25 października 2010, o godzinie 22:04
„Wielu pisarzy było więzionych, byli nawet tacy, których powieszono lub rozstrzelano. Wielu pisarzy nonsensownie oskarżono, wielu wygnano z ich ojczyzny, wielu innym w różny sposób próbowano zamknąć usta i ocenzurować ich poglądy.” A mnie,k…wa nic nie zrobili!! I Genialnego Stratega też nie intenowali!!. Taki człowiek to jeszcze pisarz czy już kabotyn?
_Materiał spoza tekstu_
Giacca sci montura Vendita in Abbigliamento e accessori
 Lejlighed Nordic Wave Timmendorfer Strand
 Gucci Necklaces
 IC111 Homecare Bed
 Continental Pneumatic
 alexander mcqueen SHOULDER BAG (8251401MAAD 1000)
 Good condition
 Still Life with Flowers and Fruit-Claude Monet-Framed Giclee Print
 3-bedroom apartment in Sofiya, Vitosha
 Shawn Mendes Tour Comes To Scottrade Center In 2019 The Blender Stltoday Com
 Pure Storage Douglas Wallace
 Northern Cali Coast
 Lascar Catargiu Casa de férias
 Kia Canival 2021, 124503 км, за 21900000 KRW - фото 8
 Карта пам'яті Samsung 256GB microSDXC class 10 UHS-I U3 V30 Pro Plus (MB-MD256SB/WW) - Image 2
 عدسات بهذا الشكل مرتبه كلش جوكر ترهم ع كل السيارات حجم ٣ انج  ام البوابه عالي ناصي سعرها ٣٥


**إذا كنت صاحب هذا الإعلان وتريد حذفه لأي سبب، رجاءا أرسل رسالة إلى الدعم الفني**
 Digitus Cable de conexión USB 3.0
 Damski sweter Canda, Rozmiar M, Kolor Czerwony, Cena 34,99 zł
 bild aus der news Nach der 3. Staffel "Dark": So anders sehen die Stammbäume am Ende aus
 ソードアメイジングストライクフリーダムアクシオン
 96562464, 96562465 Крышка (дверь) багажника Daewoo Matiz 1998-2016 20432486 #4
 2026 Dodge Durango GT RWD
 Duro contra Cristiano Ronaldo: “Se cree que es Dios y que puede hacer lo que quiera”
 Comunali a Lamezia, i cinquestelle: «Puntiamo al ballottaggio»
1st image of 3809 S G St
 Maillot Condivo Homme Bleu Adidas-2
W dodatku powinien przeprosić, coś przecież pisał o wieszaniu czy jakoś.
25 października 2010, o godzinie 22:19
„Jest lepsze pytanie, czy pilotowi chce się lecieć?” Czyżby Genialny już nie chciał chwytac za drążek??
25 października 2010, o godzinie 22:45
Szczerze przyznam, panie Waldemarze, że ilekroć zaczynam wątpić w sens głosowania na PiS czytam pański artykuł lub odwiedzam pana blog i.. błyskawicznie mi przechodzi.
Dziękuję.
Dołączam się tym samym do (niestety) coraz mniej licznej grupy 'ostatnich’ nucąc: „Les bleus sont là”.
25 października 2010, o godzinie 22:53
Fr. no widzi Pan jaki dobry uczynek robię. Niech Pan się umocni w swoich przekonaniach na rzecz PiS i przeczyta mój artykuł w „Rzepie”. Powodzenia.
26 października 2010, o godzinie 00:01
Wiesiek,
Pawel juz ci odpowiedzial, a ja tylko dodam – zwykle nieszczesliwe dziecko, prawdopodobnie z zaburzeniami osobowosci a nauczycielka rzeczywiscie idiotka.
Wiesz, kiedys mialam podobnego ucznia, rownie krnabrnego i nieposlusznego – dzis jest senatorem RP.
Nie poddawaj sie schematom, Wiesiek, nie daj soba rzadzic. ;)
28 października 2010, o godzinie 16:20
„Kto odbiera krowom mleko i dlaczego właśnie Jarosław Kaczyński?”
30 października 2010, o godzinie 12:22
Wszedłem tu, bo jestem pod wrażeniem Pańskiego krótkiego tekstu z piątku (nie wiem, czy był on w Gaz. Wyb. czy w Rzepie, bo obie gazety czytałem w kawiarni). Tak celnie i bez ogródek, dlaczego Kaczynscy nie zasługują na uwagę i szacunek, nie napisał dawno nikt.
A Zaremba żałosny – jak zwykle – rozgadany, rozwlekły, panikarski i nadęty jak najwięksi nudziarze od Michnika (tyle ze a rebours). To on wymyślił określenie „przemysł nienawiści”. Mhm…. sam zaś jest filarem „przemysłu wazeliniarstwa”. To tacy jak on i Karnowski (ten gazetowy) rozłożyli dobrą ideę gazety Dziennika, wpędzając ją do grobu łopatą nudy (a Jan Rokita przyklepał grób swoją felietonową szuflą).
Pozdrawiam i pozostaję z szacunkiem.